-- Data provided follows --

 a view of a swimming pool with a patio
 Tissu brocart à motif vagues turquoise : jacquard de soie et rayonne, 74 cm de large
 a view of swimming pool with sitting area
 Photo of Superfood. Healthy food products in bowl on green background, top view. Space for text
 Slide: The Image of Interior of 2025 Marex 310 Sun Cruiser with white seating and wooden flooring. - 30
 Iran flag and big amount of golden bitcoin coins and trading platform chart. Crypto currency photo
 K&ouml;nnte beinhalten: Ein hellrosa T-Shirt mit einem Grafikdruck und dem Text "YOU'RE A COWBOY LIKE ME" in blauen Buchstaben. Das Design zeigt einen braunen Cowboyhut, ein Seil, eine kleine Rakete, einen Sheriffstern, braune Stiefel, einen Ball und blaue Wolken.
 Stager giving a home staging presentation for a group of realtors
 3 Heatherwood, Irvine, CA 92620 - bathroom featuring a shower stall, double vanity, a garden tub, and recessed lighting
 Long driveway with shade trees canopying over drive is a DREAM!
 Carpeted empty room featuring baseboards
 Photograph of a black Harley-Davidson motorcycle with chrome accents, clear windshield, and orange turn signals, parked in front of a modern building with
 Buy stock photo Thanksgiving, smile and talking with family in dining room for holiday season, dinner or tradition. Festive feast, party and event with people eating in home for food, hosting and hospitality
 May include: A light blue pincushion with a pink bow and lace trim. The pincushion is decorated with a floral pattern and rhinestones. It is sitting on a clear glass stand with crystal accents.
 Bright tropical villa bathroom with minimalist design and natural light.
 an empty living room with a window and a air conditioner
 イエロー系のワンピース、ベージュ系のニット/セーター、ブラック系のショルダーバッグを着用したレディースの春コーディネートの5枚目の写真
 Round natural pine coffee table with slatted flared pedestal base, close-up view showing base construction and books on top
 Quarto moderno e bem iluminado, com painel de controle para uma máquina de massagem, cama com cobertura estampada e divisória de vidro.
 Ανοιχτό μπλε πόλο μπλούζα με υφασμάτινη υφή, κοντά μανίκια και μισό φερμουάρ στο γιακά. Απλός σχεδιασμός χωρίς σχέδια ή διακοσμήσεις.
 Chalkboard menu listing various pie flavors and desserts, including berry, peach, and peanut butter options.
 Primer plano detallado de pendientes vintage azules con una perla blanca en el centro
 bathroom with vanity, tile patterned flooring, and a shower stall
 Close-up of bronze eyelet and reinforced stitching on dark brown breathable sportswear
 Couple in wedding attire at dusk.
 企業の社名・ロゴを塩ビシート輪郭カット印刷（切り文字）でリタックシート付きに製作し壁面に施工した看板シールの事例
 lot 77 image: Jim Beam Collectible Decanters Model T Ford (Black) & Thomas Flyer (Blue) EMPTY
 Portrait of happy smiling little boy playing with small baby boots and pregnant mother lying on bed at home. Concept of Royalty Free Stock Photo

-- Data provided concluded --

Requirement | Each line from the one containing "Bright tropical villa" to the last line of the material above should be reproduced word for word, with nothing added.

Solution to the problem |
 Bright tropical villa bathroom with minimalist design and natural light.
 an empty living room with a window and a air conditioner
 イエロー系のワンピース、ベージュ系のニット/セーター、ブラック系のショルダーバッグを着用したレディースの春コーディネートの5枚目の写真
 Round natural pine coffee table with slatted flared pedestal base, close-up view showing base construction and books on top
 Quarto moderno e bem iluminado, com painel de controle para uma máquina de massagem, cama com cobertura estampada e divisória de vidro.
 Ανοιχτό μπλε πόλο μπλούζα με υφασμάτινη υφή, κοντά μανίκια και μισό φερμουάρ στο γιακά. Απλός σχεδιασμός χωρίς σχέδια ή διακοσμήσεις.
 Chalkboard menu listing various pie flavors and desserts, including berry, peach, and peanut butter options.
 Primer plano detallado de pendientes vintage azules con una perla blanca en el centro
 bathroom with vanity, tile patterned flooring, and a shower stall
 Close-up of bronze eyelet and reinforced stitching on dark brown breathable sportswear
 Couple in wedding attire at dusk.
 企業の社名・ロゴを塩ビシート輪郭カット印刷（切り文字）でリタックシート付きに製作し壁面に施工した看板シールの事例
 lot 77 image: Jim Beam Collectible Decanters Model T Ford (Black) & Thomas Flyer (Blue) EMPTY
 Portrait of happy smiling little boy playing with small baby boots and pregnant mother lying on bed at home. Concept of Royalty Free Stock Photo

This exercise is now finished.